Das Ferninfrarot-Spektrometer GREAT ist auf der Gegenseite in der Druckkabine an den Teleskopflansch von SOFIA angeschlossen. Foto: GREAT-Team (R. Güsten)  [Großansicht]

Sterne wie unsere Sonne und ihre Planetensysteme bilden sich im Inneren von Wolken aus Gas und Staub. Die Entwicklung eines neuen Sterns beginnt mit der Kontraktion von bereits verdichtetem Material im Inneren einer solchen Wolke, durch die sich schließlich ein sogenannter Protostern bildet. Wie jedoch diese Entwicklung genau abläuft und auf welcher Zeitskala sich der Kollaps zu einem Protostern ereignet, ist nicht genau bekannt.

Strömt das Gas aufgrund der Schwerkraft beispielsweise im freien Fall Richtung Zentrum oder wird der Kollaps durch bestimmte Faktoren verlangsamt? "Da diese Entwicklung wesentlich mehr Zeit braucht, als die gesamte Geschichte der Menschheit, können wir sie nicht über den gesamten Ablauf hin verfolgen", sagt Sandra Brünken von der Universität zu Köln, die Erstautorin einer jetzt vorgestellten Untersuchung. "Stattdessen benötigen wir eine innere Uhr, um das Alter der jeweiligen Sternentstehungsregion bestimmen zu können."
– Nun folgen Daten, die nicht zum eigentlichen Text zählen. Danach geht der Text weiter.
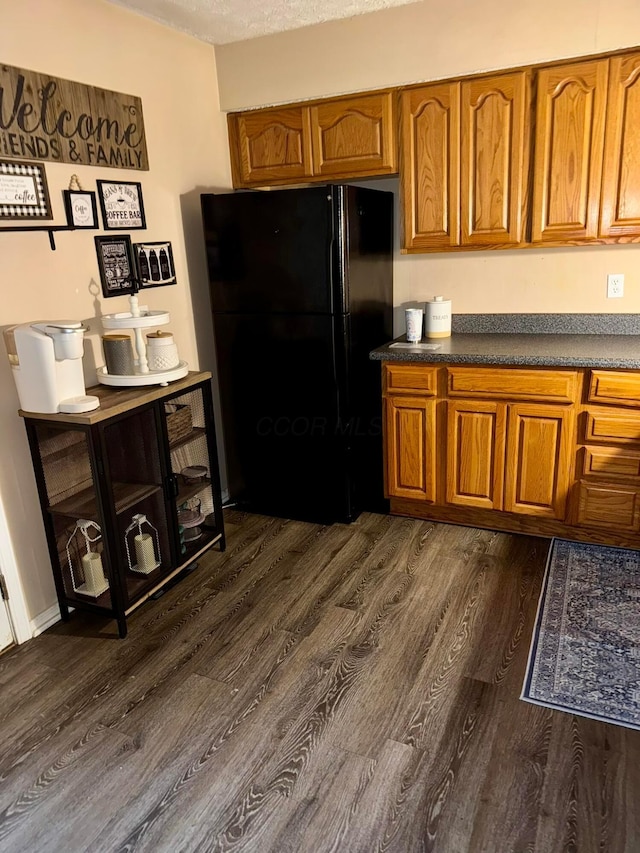 375 Darby Ct, Galloway, OH 43119 - kitchen with freestanding refrigerator, dark wood finished floors, brown cabinets, and dark countertops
Das Wasserstoffmolekül (H2), das mit Abstand häufigste Molekül im Weltraum, könnte als eine Art "chemische" innere Uhr dienen. Molekularer Wasserstoff tritt in zwei unterschiedlichen Formen auf, die als ortho- und para-Wasserstoff bezeichnet werden und sich durch die unterschiedliche Orientierung der Spins der beiden Wasserstoffkerne unterscheiden.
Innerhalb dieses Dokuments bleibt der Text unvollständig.